Final Day of Pinot Noir NZ 2013 was highly anticipated and didn’t disappoint!
The Tastings for today were two blind tastings of pinots from Burgundy and NZ. The idea was to examine ‘La Régionalité’ in the tasting and not to compare Burgundian wines to NZ or visa versa. It is hard not to compare the two sets of wines as they were tasted back to back and I cant resist drawing some comparisons, if not any conclusions!

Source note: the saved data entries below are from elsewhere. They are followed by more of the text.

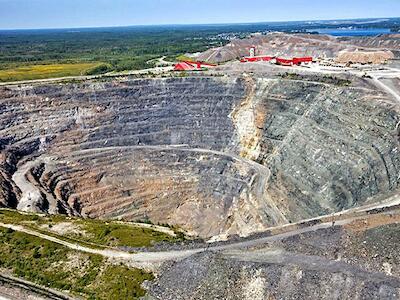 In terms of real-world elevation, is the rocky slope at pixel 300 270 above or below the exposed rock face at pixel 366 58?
below

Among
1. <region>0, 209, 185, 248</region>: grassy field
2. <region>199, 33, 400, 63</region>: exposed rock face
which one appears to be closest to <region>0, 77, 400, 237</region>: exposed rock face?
<region>0, 209, 185, 248</region>: grassy field

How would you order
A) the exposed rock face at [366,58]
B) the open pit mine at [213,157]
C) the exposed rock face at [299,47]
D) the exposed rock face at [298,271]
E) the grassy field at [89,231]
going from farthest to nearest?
the exposed rock face at [299,47] < the exposed rock face at [366,58] < the open pit mine at [213,157] < the grassy field at [89,231] < the exposed rock face at [298,271]

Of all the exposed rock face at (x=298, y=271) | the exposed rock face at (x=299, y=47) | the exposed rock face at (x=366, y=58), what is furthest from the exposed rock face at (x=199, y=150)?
the exposed rock face at (x=299, y=47)

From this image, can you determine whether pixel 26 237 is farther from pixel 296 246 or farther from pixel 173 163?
pixel 173 163

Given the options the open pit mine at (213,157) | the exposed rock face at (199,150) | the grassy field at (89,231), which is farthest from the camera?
the exposed rock face at (199,150)

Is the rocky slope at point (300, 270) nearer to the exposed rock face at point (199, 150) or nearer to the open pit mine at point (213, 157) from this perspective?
the open pit mine at point (213, 157)

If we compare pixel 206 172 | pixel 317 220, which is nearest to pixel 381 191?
pixel 317 220

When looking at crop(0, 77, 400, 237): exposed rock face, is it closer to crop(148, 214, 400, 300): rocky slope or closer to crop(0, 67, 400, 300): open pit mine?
crop(0, 67, 400, 300): open pit mine

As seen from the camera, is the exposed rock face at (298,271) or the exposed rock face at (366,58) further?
the exposed rock face at (366,58) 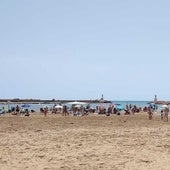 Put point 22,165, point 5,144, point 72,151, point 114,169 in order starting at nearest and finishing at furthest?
point 114,169 < point 22,165 < point 72,151 < point 5,144

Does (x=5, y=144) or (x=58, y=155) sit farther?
(x=5, y=144)

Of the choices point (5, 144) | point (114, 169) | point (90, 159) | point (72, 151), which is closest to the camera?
point (114, 169)

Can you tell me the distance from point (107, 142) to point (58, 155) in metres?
2.91

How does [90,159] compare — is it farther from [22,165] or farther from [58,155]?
[22,165]

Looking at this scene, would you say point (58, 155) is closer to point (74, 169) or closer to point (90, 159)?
point (90, 159)

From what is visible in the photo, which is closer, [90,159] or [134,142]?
[90,159]

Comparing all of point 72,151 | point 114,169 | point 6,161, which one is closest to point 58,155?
point 72,151

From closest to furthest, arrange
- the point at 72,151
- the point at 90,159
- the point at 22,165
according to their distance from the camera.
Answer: the point at 22,165 < the point at 90,159 < the point at 72,151

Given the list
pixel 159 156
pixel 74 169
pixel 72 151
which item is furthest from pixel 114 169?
pixel 72 151

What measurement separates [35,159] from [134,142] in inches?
165

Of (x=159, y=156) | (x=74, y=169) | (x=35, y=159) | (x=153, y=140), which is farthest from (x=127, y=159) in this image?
(x=153, y=140)

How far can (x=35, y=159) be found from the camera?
34.2ft

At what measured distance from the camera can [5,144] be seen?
1329cm

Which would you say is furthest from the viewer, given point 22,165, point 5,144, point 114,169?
point 5,144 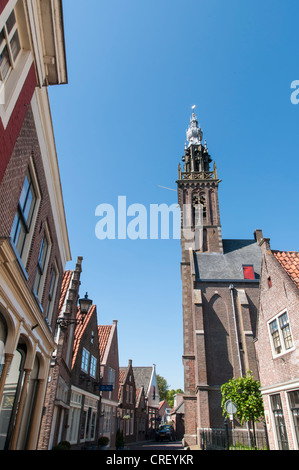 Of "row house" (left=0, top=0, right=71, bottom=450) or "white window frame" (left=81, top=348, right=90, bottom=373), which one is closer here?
"row house" (left=0, top=0, right=71, bottom=450)

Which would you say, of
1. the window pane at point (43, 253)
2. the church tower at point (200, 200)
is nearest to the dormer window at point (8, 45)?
the window pane at point (43, 253)

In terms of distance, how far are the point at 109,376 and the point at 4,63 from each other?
25.7m

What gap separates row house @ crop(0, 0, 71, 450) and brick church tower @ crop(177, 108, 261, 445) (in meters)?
19.8

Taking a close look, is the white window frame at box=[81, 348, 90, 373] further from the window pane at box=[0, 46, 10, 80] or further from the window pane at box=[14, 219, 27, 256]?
the window pane at box=[0, 46, 10, 80]

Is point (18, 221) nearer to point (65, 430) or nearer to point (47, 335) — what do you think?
point (47, 335)

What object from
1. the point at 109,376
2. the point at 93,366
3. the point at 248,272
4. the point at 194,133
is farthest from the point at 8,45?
the point at 194,133

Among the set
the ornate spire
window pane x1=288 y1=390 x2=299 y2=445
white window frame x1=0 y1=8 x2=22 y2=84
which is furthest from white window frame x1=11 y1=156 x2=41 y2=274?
the ornate spire

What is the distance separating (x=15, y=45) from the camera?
5.59 m

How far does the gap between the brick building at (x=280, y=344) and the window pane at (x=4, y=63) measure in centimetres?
1131

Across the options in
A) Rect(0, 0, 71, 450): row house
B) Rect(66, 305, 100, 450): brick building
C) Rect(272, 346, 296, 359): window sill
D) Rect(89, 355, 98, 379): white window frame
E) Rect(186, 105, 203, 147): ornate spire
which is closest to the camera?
Rect(0, 0, 71, 450): row house

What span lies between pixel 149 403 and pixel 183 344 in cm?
2635

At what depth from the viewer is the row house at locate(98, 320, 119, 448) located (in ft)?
79.1

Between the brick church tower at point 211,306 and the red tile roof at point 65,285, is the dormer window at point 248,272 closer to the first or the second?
the brick church tower at point 211,306

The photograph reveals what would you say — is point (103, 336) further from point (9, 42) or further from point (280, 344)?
point (9, 42) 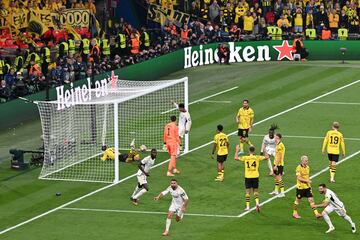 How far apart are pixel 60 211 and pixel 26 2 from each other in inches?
957

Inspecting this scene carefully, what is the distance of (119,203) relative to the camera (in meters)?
41.8

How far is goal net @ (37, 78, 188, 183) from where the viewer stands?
45.8 m

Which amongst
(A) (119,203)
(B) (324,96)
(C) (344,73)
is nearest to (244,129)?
(A) (119,203)

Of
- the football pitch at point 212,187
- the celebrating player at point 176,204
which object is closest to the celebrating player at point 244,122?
the football pitch at point 212,187

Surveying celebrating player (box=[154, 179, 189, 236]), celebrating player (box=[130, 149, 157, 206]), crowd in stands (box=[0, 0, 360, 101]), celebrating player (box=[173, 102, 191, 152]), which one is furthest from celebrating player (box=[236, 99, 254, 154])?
celebrating player (box=[154, 179, 189, 236])

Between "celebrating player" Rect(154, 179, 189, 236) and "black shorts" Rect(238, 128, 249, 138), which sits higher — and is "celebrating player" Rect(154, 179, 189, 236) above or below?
below

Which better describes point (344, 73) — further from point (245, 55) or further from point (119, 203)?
point (119, 203)

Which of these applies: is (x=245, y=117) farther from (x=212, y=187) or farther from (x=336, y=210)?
(x=336, y=210)

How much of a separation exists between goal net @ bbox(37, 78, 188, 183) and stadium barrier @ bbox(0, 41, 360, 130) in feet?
11.2

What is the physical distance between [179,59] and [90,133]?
59.3 ft

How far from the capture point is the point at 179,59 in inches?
2581

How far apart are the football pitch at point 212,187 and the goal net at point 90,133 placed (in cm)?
85

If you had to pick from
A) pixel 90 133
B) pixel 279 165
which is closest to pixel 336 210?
pixel 279 165

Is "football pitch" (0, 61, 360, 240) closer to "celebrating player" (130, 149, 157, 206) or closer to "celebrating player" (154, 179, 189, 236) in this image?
"celebrating player" (130, 149, 157, 206) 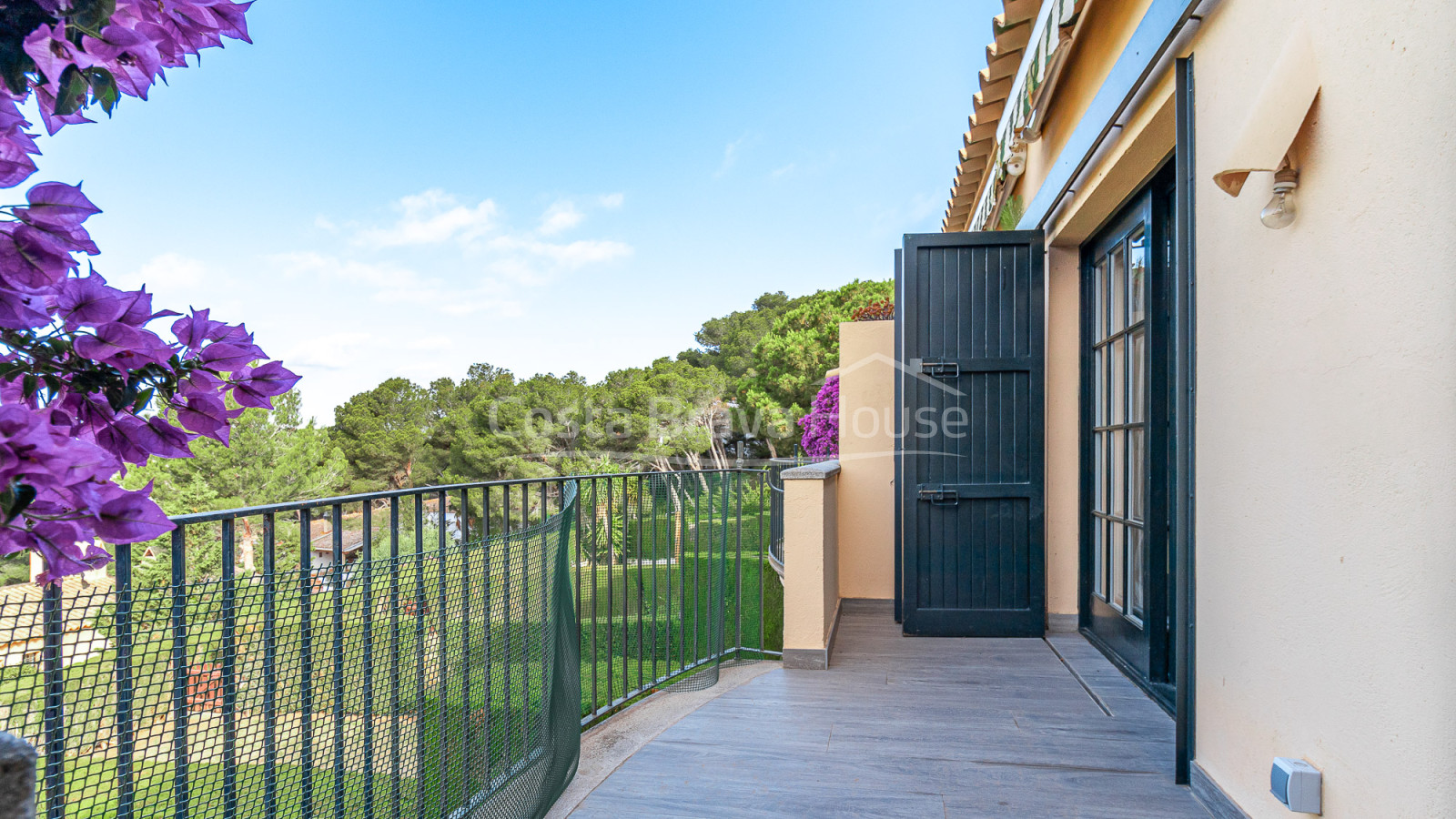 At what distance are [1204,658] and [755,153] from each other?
137ft

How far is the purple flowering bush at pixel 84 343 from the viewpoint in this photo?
20.1 inches

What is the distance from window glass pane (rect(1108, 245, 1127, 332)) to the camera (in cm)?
333

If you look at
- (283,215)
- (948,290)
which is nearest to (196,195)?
(283,215)

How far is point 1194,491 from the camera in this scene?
6.95 ft

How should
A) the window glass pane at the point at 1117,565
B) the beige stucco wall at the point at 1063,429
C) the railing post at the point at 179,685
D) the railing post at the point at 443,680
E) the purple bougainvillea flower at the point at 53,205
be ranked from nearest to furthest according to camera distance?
the purple bougainvillea flower at the point at 53,205
the railing post at the point at 179,685
the railing post at the point at 443,680
the window glass pane at the point at 1117,565
the beige stucco wall at the point at 1063,429

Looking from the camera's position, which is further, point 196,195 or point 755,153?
point 755,153

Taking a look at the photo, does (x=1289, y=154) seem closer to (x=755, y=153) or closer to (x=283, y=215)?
(x=755, y=153)

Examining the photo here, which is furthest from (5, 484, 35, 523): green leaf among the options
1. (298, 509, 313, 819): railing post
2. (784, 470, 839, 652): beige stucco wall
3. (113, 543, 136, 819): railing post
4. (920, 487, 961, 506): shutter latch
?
(920, 487, 961, 506): shutter latch

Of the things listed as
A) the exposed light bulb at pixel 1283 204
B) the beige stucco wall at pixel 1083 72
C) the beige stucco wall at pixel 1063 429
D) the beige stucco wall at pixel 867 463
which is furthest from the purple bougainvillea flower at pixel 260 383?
the beige stucco wall at pixel 867 463

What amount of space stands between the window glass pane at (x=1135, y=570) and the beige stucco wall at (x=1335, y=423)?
104 cm

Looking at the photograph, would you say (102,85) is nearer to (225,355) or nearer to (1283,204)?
(225,355)

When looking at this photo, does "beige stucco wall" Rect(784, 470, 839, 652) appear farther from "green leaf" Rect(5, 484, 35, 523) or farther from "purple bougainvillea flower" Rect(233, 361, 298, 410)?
"green leaf" Rect(5, 484, 35, 523)

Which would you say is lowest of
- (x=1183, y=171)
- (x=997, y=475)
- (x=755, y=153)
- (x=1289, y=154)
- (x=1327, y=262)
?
(x=997, y=475)

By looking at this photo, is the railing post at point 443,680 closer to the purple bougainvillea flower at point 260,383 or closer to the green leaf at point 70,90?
the purple bougainvillea flower at point 260,383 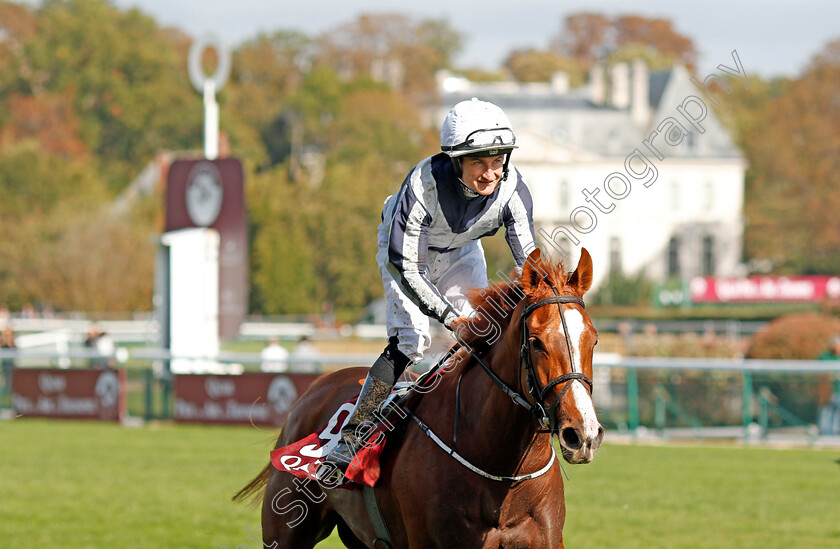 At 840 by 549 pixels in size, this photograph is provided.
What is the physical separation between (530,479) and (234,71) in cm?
7758

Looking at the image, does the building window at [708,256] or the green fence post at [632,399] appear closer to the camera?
the green fence post at [632,399]

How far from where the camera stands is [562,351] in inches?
146

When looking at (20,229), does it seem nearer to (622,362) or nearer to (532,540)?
(622,362)

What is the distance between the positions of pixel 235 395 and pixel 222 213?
389cm

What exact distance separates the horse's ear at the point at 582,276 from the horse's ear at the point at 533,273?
11 cm

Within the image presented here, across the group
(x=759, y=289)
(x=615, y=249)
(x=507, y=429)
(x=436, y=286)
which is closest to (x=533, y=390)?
(x=507, y=429)

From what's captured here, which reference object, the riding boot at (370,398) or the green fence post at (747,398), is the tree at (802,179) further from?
the riding boot at (370,398)

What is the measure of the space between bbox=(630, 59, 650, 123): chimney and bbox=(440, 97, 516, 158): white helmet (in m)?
60.8

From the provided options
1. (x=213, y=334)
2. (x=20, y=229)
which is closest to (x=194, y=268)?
(x=213, y=334)

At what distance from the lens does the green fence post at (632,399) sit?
47.0 feet

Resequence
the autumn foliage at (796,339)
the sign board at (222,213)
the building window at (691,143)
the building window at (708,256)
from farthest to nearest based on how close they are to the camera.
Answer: the building window at (708,256)
the building window at (691,143)
the sign board at (222,213)
the autumn foliage at (796,339)

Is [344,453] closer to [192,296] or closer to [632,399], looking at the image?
[632,399]

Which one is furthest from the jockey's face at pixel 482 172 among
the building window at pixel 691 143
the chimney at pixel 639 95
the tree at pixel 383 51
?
the tree at pixel 383 51

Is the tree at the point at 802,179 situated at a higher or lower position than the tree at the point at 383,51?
lower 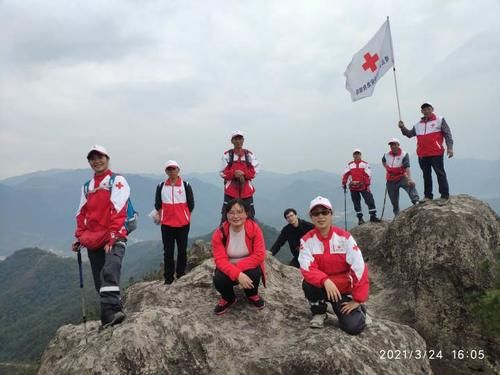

Firstly what was meant by ‘La Régionalité’? We had a panel of ‘experts’ including Jasper Morris MW expand on their thoughts regarding the concept. I gathered that it is not terroir which is much more site or vineyard specific concept of place. Perhaps the easiest to understand explanation was using the illustration of Burgundy. When you taste Burgundian wines you might get a vivid image of the quaint villages, fine cheeses and food, tightly packed close planted vineyards bounded by ancient stone walls. But what does this taste like? or is it a specific taste at all or to use a crude modern term – Is it just ‘branding’? Well the idea of the Burgundy tasting was to explore this concept by tasting 6 wines from 6 different villages or sub-regions. Just to further complicate the tasting each successive wine was from different classifications from Bourgogne Epineuil & Bourgogne Cote Chalonaise to Village Vielles Vignes (old vines) to Premier Cru and finally to Grand Cru.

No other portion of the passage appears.